By Camille Powell
Washington Post Staff Writer
Friday, October 28, 2005
OWINGS MILLS, Md., Oct. 27 -- The questions have followed Jamal Lewis throughout the first two months of the NFL season, as the Baltimore Ravens running back has struggled to gain rushing yards. Why is Lewis, who is two years removed from one of the most productive seasons in history for a running back, averaging 2.9 yards per carry, well under his career average of 4.7 yards?
Is it because of his offseason in which he spent four months in a federal prison and two months in a halfway house as part of a plea agreement on federal drug charges? Is it his ankle, which he injured last season and had surgically repaired in January? Or is it the fact that he is in the final year of his initial six-year contract, and he's seeking the security of a long-term deal?
Lewis has grown tired of the questions, and the frustration -- with his production and with his contract situation -- bubbled over Thursday afternoon.
"It doesn't get into your preparation," said Lewis, who ran for 2,066 yards -- the second-highest total in NFL history -- in 2003. "But it does sink into the back of your mind, when you're busting your tail for this organization. Next year, who knows where you might be?"
Lewis, the fifth overall pick in the 2000 draft, is due to make nearly $3.6 million this season. He is off to the worst start of his career; he has yet to break 100 yards in a game this season (the longest such drought of his career), and he has a total of 326 yards on 113 carries.
Baltimore Coach Brian Billick has said throughout the season he does not believe Lewis's contract status has affected his play on the field, and he reiterated that point Thursday, adding a quarter of the Ravens will become free agents following the season.
"They all want different things out of the season," Billick said. "Jamal is no different in that regard. Is it altering the way he's approaching the game? Absolutely not. . . . He's too professional. He wants too much. He knows he's going to be here."
Former Baltimore defensive end Michael McCrary, Lewis's teammate for three seasons, called into a Baltimore radio talk show Sunday night and suggested that 2003 NFL offensive player of the year wasn't running as well because the Ravens broke a promise to Lewis about a contract extension prior to the season.
"Jamal is a warrior, one of the few warriors on the team," McCrary told the Baltimore Sun. "You've got to pay your warriors.
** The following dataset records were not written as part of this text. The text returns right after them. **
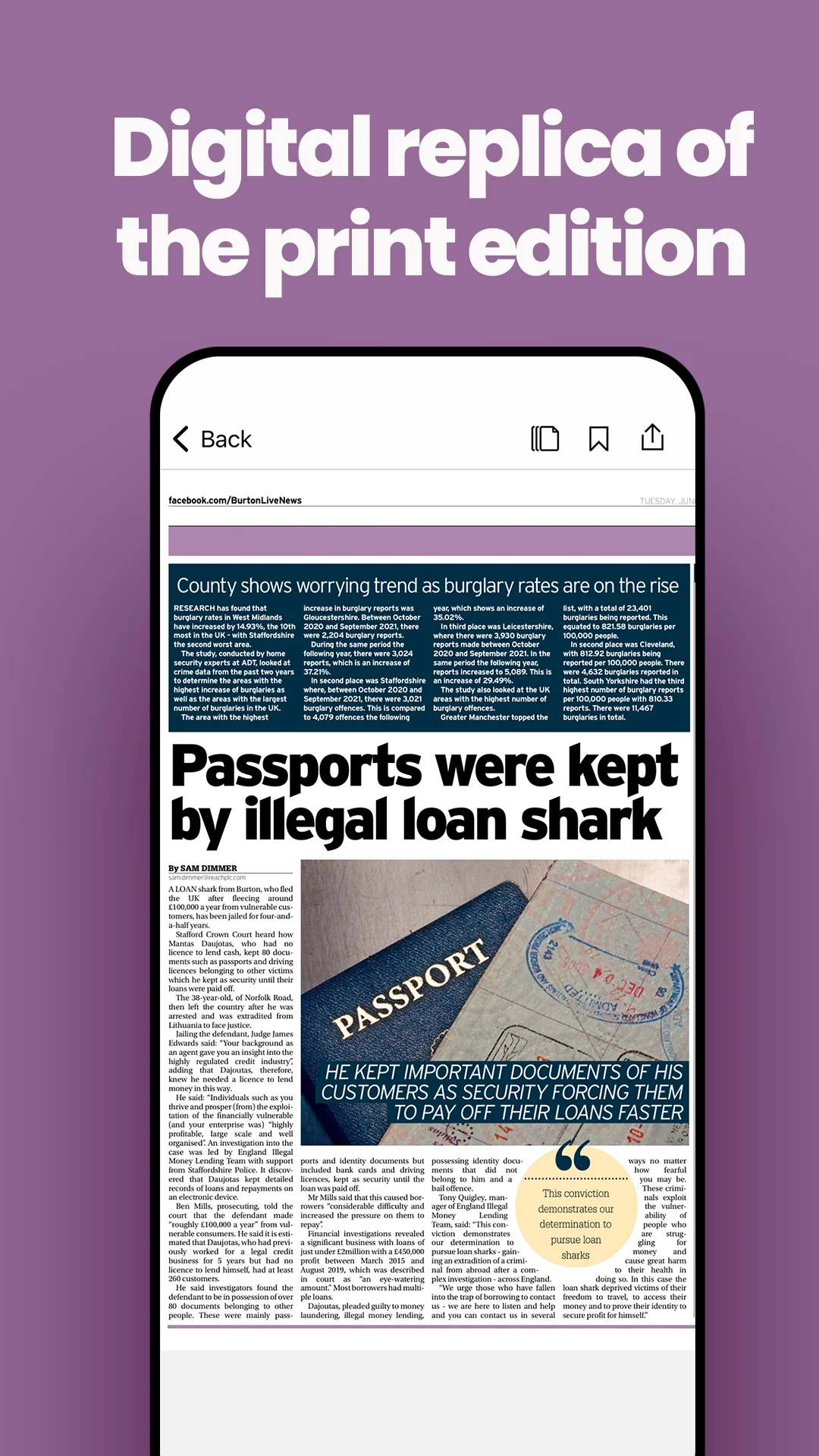 Burton Mail Newspaper screenshot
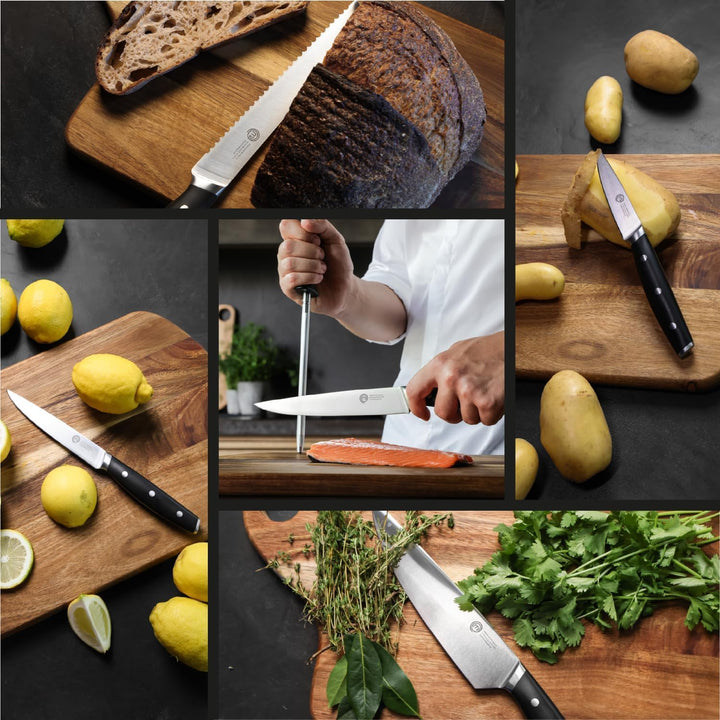 MasterChef Küchenmesser Set mit Kochmesser, Santoku Messer & Schälmesser, Profi Messerset aus Rostfr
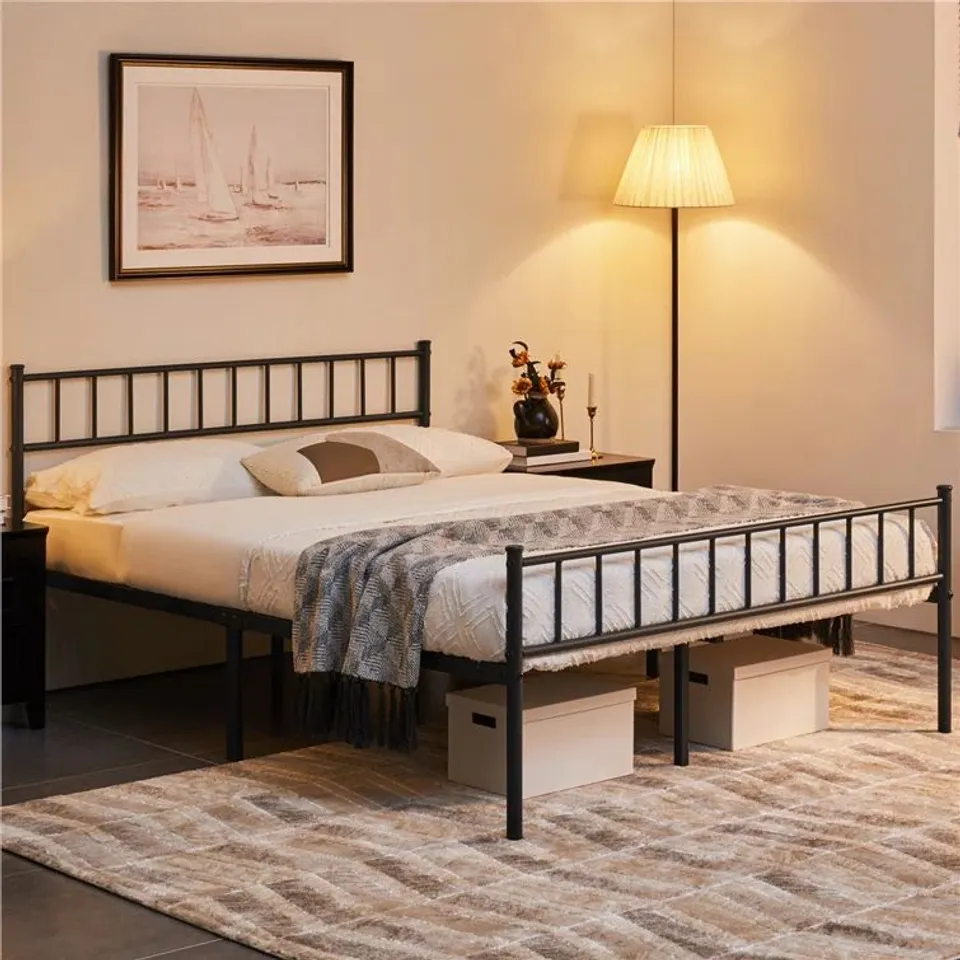 BOXED MINIMALIST METAL BED FRAME WITH SLATTED HEADBOARD - BLACK // SIZE: 135cm (1 BOX)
They have to be able to go out on the field and be completely focused. There can't be any interference because they play at a different level than other players."
Lewis said he has not lost his passion for the game, though he admitted he did question it when he started the season without a new contract. "I felt kind of like the organization did turn against me," Lewis said.
His passion was renewed after speaking with teammate Deion Sanders and former Baltimore director of player development Earnest Byner. Lewis said he is practicing and preparing for games in the same way he always has, and he has watched films of himself from the 2003 and 2004 seasons to see if he's doing anything wrong this season.
"I just don't see it," he said.
What is apparent is that the Ravens' offense has struggled mightily along with their workhorse back. Life won't get easier, either, as Baltimore (2-4) travels to AFC North rival Pittsburgh (4-2) on Monday night. The Ravens' offense has scored six touchdowns and only one rushing. The Steelers' defense is holding opponents to just below 90 rushing yards per game.
"It gets very tiring," Lewis said. "Everybody is depending on you. I gave and gave and gave over the last five, six years. I gave it all. Sometimes it's got to be a change. I expect for it to be easier for me sometimes. I expect I don't have to beat up on defense all the time. Maybe one day it'll ease up. That's what I'm looking for. Hopefully, that day will come. If not, five or six years from now, I'm going to be tore down."
Ravens Notes: Linebacker Ray Lewis (hamstring), safety Ed Reed (ankle) and fullback Alan Ricard (lower leg) are out this week. Wide receiver Mark Clayton (ankle), fullback Ovie Mughelli (ankle) and defensive end Anthony Weaver (toe) participated in portions of practice Thursday and are questionable. . . .
Quarterback Kyle Boller, who has not played since hyper-extending his right big toe in the season opener, is expected to get most of, if not all, of the snaps as the scout team quarterback this week as he works his way back into playing shape. He could be cleared to play against Cincinnati on Nov. 6 if he makes it through the week healthy.
"We'll see how the week goes, but we're very confident that he has turned that corner," Billick said. . . .
Billick referred to defensive end-linebacker Terrell Suggs as a "marked man" earlier in the week. Suggs, who has been called for two roughing-the-passer penalties in the past three games, defended his reputation Wednesday.
"I'm not the Ron Artest of football," said Suggs, who was ejected from the Detroit loss for making physical contact with an official. "Don't you dare try to categorize me like that. I'm not a bad boy, nothing like that."